Throughout the public forums, Linder said he heard some residents say they would be OK with paying a $50 or even $75 fire subscription fee, a move that the court can still make.

“While I will no longer be in this seat, I would urge the court to take a look at that next year,” he said. “I think the intent was that if the different fire departments needed things they could come to the court and ask us to raise it for that year. Then the court could look at it and make some decision. So, I think we have something in place.”

Young said he knows there is a lot of work to do to get to the point of what the fire chiefs proposed in a three-year plan for immediate equipment needs and the replacement of the Corinth Fire Department building due to age and use.
However, he said he hopes the court can “meet or exceed those goals in a timely manner.”

“We’re definitely going to look at something to get some help with an ambulance in the county,” Young said.
With depleted reserves and increased costs, the city of Dry Ridge also must decide what to do without a revenue surge from the emergency services tax.
“Obviously, the way the county voted impacted everything,” said Dry Ridge Fire Department Assistant Chief Jeff Nantz. “The city doesn’t have any reserves left. The city, that has been very supportive of us over the years, is faced with some tough decisions now. They kind of have their backs to the wall on what to do. We felt like we needed to be proactive in helping with the decision making.”

The DRFD chiefs met since the vote and have mapped out several different potential options that the Dry Ridge City Council could consider.
The department plans to present those options to the council during its Jan. 7 meeting.

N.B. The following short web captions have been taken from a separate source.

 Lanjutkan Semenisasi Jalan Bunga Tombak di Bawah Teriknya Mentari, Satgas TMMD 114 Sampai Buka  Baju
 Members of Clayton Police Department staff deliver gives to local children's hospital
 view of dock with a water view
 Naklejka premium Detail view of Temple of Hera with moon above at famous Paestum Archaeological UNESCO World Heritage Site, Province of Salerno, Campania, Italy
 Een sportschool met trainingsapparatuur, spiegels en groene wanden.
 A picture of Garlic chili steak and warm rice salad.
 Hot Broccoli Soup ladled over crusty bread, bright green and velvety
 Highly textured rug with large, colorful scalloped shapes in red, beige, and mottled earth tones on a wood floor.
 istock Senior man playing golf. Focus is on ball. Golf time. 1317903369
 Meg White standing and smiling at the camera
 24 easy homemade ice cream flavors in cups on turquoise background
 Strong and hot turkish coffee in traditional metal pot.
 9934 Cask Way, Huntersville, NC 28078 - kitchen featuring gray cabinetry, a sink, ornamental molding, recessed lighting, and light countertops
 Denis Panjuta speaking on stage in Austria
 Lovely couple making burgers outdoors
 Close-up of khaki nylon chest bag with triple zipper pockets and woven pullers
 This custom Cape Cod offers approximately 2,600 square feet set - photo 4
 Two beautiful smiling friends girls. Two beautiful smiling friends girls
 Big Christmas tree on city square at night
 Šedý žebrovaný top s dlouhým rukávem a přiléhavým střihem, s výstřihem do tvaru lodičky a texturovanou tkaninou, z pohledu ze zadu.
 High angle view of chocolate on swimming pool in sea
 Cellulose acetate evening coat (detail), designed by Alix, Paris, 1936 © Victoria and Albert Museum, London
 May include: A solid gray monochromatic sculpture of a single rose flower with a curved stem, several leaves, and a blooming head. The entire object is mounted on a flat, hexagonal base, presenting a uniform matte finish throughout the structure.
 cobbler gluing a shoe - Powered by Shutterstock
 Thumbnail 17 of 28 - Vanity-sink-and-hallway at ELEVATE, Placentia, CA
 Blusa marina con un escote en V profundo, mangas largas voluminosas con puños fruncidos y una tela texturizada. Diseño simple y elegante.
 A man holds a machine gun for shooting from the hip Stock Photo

One possible option could be the DRFD pulling back its services to within city limits, a move that has been suggested previously by Mayor Clay Crupper.
“They don’t have to choose any of them, obviously,” Nantz said about the options. “But, we’ll give them some things to look at and consider. It’s bleak. I think the city’s being very truthful when they’ve said the things they’ve said about the condition of things. Really, it’s not fair that they’re providing a service that county government has turned their back on.”